Rear Admiral Richard E. Byrd, Jr., USN (Ret) organised a United States Navy operation called, Operation High jump, (The United States Navy Antarctic Developments Program, 1946–1947). Operation High jump commenced on 26 August 1946 and ended in late February 1947. Task Force 68 included 4,700 men, 13 ships, and 33 aircraft. Its primary mission was to establish the Antarctic research base Little America IV.

Operation High jump's objectives were said to include;


  • Training personnel and testing equipment in extremely cold conditions. 
  • Maintaining and extending United States' sovereignty over the largest practicable area of the Antarctic continent. 
  • Determining the feasibility of establishing, maintaining, and utilizing bases in the Antarctic continent and investigating possible base sites. 
  • Developing techniques for establishing, maintaining, and utilizing air bases on ice. 
  • Adding to knowledge of electromagnetic, geological, geographic, hydrographic, and meteorological conditions in the region.
The Byrd expedition has also managed to generate its share of fairy tale conspiracy theory stories. Stupidity and gullibility abhors a vacuum especially if that vacuum is the product of secrecy and misinformation.

Questions have been raised concerning the haste with which a huge military so-called scientific expedition was mounted merely one year after the Second World War ended.
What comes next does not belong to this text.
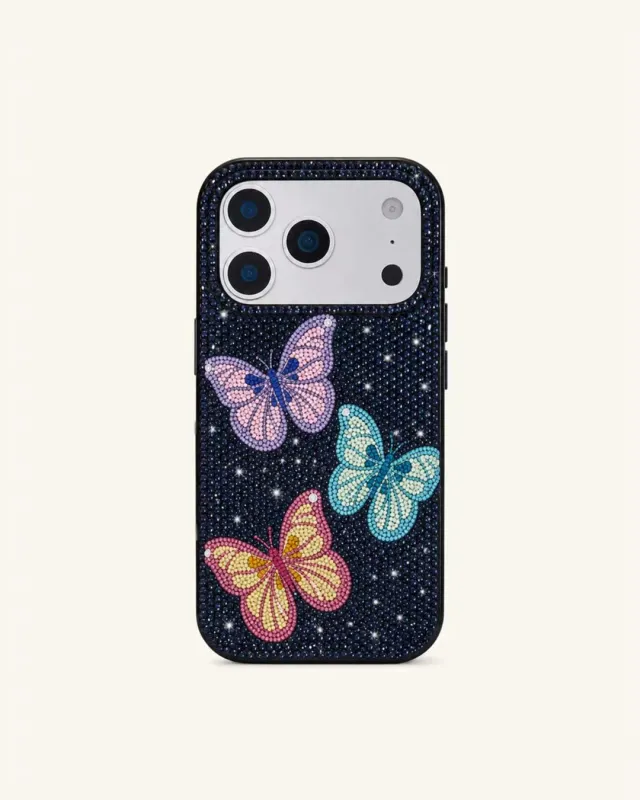 Butterfly Trio Artificial Crystal Phone Case - Black made by JW PEI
Prior to the war, the Nazis supposedly explored a portion of the Antarctic coast, naming it New Swabia. They then were thought to have constructed underground bases where Nazi scientists commenced working on a flying saucer, the construction of which was allegedly based on a crashed UFO found in Bavaria in 1938. Sounds perfectly reasonable, right? Right?

With the war going pear-shaped for Germany, Nazi scientists and other personnel were whisked away by U-boats to the secret bases in New Swabia to continue work on the Nazi flying saucer super weapon.

Enter Admiral Byrd. His mission, it was claimed, was to locate the saucers along with the remaining Nazis. Somehow Byrd managed to meet with some aliens during a missing three-hour period of a flight. Shortly thereafter, the Byrd Expedition was called off prematurely, without much explanation.


Life - 
“A tale told by an idiot” 
or 
A story written for a child? 

This leads me to the question of why I decided to present the plot of the film, The Land Unknown in a format similar to that of a children’s story (with a lot of cheek and tongue in cheek).

It struck me just how much of life we experience occurs at the level of a children’s story especially when it is stripped of its complexities and frequent dire consequences for individuals, communities and humanity itself.

Take for instance, our interpersonal relationships; conflicts; wars; arguments; disputes; concerns; worries; stresses; preoccupations; economic, social and political arrangements; work place politics; social and other media representations of and commentaries on reality and so on.



Hey, take the 2016 US Presidential election campaign! Now there’s a prime example of a children’s story. Strip away all the bluster, the angst, the extraneous detail (not policy detail!) and minutiae and what are we left with? Goodies and baddies; heroes and villains; one dimensional cut-out characters; simplistic plot lines. The question we are left with at the end is:

Who if anyone will truly live happily ever after?